> _WHAT THE TASK ASKS_
Copy, exactly as written, the lines that begin at the one containing "Three Russian Writers" and end at the one containing "Cover of Over The Border". Skip any pictures in the data below.

> _STUDY MATERIAL_
Start of Block

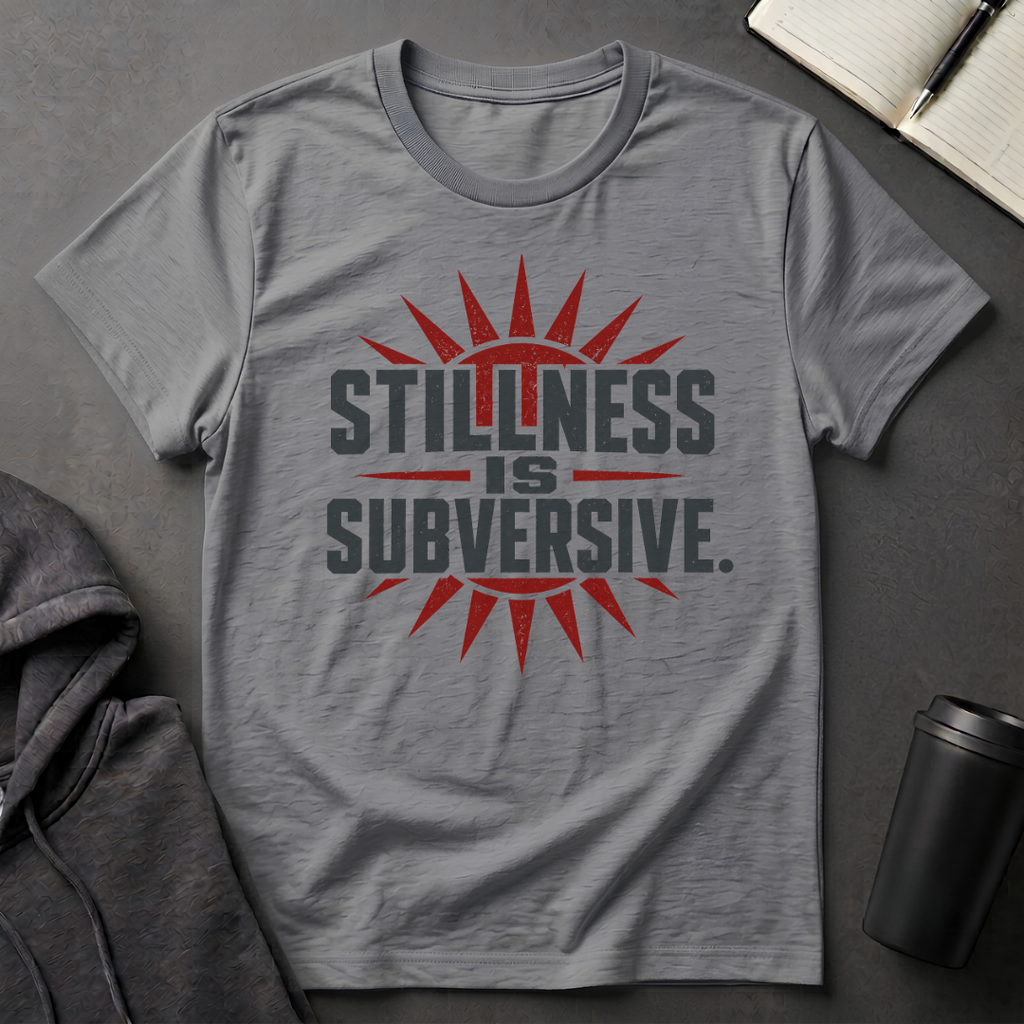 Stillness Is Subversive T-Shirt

End of Block
Start of Block

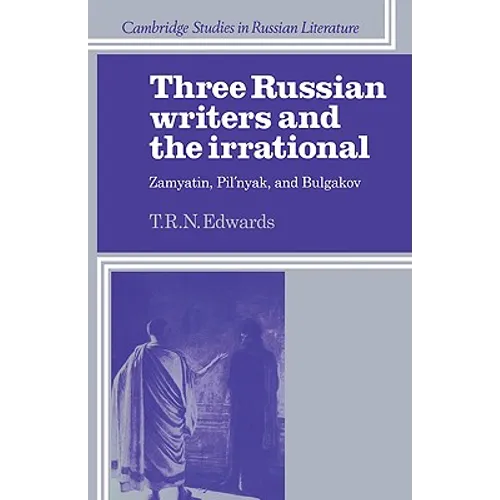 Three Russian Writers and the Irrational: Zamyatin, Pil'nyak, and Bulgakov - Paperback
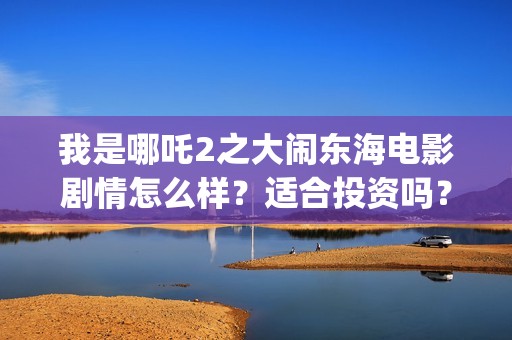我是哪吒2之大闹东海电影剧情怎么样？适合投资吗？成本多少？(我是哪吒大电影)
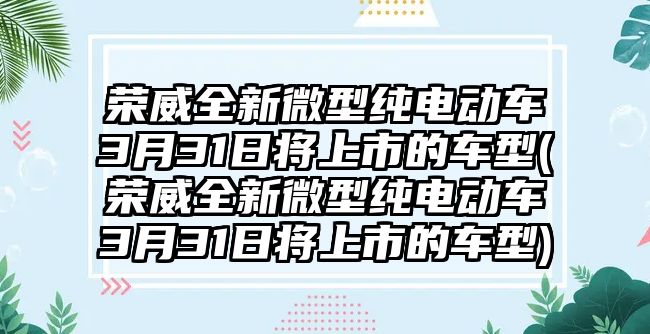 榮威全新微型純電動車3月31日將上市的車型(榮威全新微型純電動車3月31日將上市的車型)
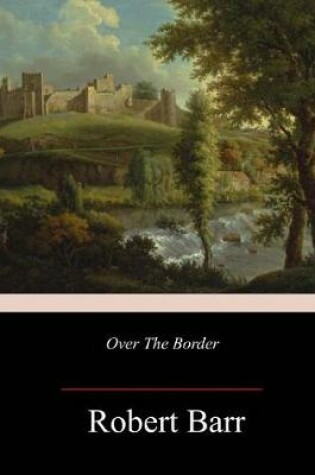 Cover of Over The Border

End of Block

> _ANSWER BELOW_
 Three Russian Writers and the Irrational: Zamyatin, Pil'nyak, and Bulgakov - Paperback
我是哪吒2之大闹东海电影剧情怎么样？适合投资吗？成本多少？(我是哪吒大电影)
 榮威全新微型純電動車3月31日將上市的車型(榮威全新微型純電動車3月31日將上市的車型)
 Cover of Over The Border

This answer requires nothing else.